The game is not fair

155

D

Why do you think the game is not fair? How did you check?

156

Shay

I made a table

157

D

You made a table and multiplied? Can you tell me what the sample space is? How many possibilities are there?

158

Shay

12

Episode 1. D’s class discussing whether the clock game is fair.

In Episode 1, teacher D responded [155] to Shay [154] who claimed that the game is not fair, by asking two questions in the same turn. The two questions [155] are coded as press for reasoning (see the “Methodology” section Category 3, code iv). However, the second question “How did you check?” might be a call for numerical-algorithmic clarification. Shay, quite naturally, answered the second question only [156], relating to the tool (table) rather than explaining why he thinks the game is not fair. We coded this turn as justification by Shay. The teacher’s utterance in turn 157 included three questions. Each of the three questions points to a different stage in the solution algorithm. The first re-voiced and elaborated the procedure, the second asked for place values expressed in numbers for numerical detail, and the third asked for a numerical detail. None of the three questions called for deepening the explanation or reasoning. Once more, the student naturally answered only the last question, and even this briefly, giving one specific numerical answer, and thus narrowing down the answer that the teacher might have expected. In 155 and in 157, D demonstrates an extreme case of funneling: She does not allow the students to answer the more general questions and replaces them by narrower ones. So students in the class are exposed to questions, which call for reasoning. However, the teacher’s further questions are mainly about procedures and computations. Hence, students made claims without being exposed to the norms of justifying them.

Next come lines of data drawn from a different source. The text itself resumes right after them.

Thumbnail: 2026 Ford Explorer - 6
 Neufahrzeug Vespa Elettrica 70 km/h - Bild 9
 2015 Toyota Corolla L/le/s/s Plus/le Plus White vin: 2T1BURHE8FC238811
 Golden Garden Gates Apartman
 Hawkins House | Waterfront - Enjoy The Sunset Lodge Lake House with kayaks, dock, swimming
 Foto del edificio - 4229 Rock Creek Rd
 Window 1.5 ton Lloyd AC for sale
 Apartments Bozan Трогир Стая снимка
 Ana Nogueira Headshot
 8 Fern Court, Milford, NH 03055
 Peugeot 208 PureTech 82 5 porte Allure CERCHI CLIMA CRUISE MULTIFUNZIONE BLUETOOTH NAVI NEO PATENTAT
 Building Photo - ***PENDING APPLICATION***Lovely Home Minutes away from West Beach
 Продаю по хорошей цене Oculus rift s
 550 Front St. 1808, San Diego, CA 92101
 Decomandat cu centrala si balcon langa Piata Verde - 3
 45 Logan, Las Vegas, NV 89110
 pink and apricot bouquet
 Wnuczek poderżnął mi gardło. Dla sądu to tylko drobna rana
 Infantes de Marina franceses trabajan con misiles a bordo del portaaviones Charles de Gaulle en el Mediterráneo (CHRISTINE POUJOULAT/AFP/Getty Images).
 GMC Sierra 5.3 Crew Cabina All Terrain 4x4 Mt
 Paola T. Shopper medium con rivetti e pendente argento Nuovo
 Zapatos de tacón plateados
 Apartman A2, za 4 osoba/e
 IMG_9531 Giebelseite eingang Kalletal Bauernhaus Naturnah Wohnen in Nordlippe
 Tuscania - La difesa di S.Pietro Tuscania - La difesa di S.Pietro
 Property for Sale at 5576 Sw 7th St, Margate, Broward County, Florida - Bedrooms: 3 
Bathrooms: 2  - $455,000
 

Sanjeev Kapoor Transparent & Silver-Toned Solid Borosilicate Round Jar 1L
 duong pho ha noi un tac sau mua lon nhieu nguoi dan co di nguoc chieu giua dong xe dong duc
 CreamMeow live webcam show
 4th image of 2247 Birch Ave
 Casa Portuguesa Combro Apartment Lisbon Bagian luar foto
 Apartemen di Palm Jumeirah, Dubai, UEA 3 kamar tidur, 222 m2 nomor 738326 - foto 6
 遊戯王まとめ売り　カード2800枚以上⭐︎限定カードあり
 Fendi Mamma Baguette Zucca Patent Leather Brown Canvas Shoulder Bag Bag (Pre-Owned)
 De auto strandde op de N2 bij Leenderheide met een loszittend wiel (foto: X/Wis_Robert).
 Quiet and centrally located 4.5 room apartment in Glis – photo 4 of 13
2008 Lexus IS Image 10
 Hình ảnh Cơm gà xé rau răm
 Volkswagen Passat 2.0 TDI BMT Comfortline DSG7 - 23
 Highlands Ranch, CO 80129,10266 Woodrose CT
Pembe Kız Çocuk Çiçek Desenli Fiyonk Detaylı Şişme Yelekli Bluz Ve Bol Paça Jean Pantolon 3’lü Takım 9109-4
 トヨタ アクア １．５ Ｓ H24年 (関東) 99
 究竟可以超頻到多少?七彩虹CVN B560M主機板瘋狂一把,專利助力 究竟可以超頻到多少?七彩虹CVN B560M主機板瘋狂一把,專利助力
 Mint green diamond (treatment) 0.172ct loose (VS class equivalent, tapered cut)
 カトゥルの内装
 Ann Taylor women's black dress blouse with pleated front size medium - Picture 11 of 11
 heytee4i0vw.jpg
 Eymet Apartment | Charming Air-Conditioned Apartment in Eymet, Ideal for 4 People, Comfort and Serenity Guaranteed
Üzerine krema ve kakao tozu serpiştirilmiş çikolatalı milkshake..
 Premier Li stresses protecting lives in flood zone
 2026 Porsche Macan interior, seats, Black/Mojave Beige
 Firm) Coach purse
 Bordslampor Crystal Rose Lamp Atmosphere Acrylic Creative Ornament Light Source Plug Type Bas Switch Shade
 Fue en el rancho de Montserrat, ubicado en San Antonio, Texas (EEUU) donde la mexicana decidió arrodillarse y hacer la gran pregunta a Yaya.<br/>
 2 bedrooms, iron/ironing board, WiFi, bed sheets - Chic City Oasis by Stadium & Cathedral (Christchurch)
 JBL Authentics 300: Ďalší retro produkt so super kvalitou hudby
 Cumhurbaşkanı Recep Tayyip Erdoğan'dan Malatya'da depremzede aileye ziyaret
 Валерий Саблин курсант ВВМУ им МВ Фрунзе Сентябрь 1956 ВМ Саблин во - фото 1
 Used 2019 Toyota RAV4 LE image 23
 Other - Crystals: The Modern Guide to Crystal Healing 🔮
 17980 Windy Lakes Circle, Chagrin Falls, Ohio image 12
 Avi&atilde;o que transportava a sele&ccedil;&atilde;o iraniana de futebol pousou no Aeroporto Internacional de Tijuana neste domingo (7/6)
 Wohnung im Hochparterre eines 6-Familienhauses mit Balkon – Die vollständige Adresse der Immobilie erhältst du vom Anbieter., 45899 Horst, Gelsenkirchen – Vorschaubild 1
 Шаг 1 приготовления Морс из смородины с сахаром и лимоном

The game discussed in the parallel episode in M’s class was different from the one in D’s class.

52

M

Is the game fair?

53

Students

The game is not fair!

54

M

Not fair because?

55

Student

Because 12 out of 24 is more than 11 out of 24.

56

M

So, it is really not fair?

57

Itamar

I think the game is fair!

58

M

Because?

59

Itamar

Because 1 out of 24 does not change much, 1 out of 24.

Episode 2. M’s class discussing whether the game is fair.

M [52] asked almost the same question as D [155], but she did not follow it with a second question calling for a computational response. Rather, in turns 54, 56, and 58, M pressed her students to express their reasoning: claims and their justifications. By asking “because?,” M is fostering students’ justifications. Also, she affords the opportunity to have a variety of responses from her students [56]. Her talk moves [54, 58] are similar whether the student’s claim is correct [53] or incorrect [57]. M seems to be aware of Itamar’s [57] inaccurate claim but encourages him to justify it [58], providing the whole class an opportunity to listen and consider his reasoning. And indeed, we see in this short episode two instances of justification provided by students in response [55, 59]. We coded Itamar [57] as be Agree/disagree.

The Second Pair of Episodes.

The WCDs in the second pair of lessons were about the area model, the same mathematical content as test item B (Fig. 3). Here again the classes discussed situations in which the area model was introduced and the two episodes are from the last part of the discussions. Episodes 3 and 4 were initiated by each teacher in her class in D [64] and M [62] by asking how one can check the correctness of the probability computations by the area model. We present the two episodes followed by an analysis, starting again with D’s class.

64

D

How can we check that it is correct what we wrote here?

65

Yaad

You add and get 1

66

D

Everybody added? It adds up to?

67

Students

Yes!

Episode 3. D’s class discussing how to check the correctness of the area model computations.

62

M

Now what kind of control can we do to see that we do not have a mistake?

63

Yael

15% + 15% + 35% + 35% = 100%

64

M

Why does it have to be 100% when adding all these?

65

Itamar

Because 100% is the whole

66

M

Because this is the whole, and here we describe all 4 cases that can happen when two people together shoot an arrow.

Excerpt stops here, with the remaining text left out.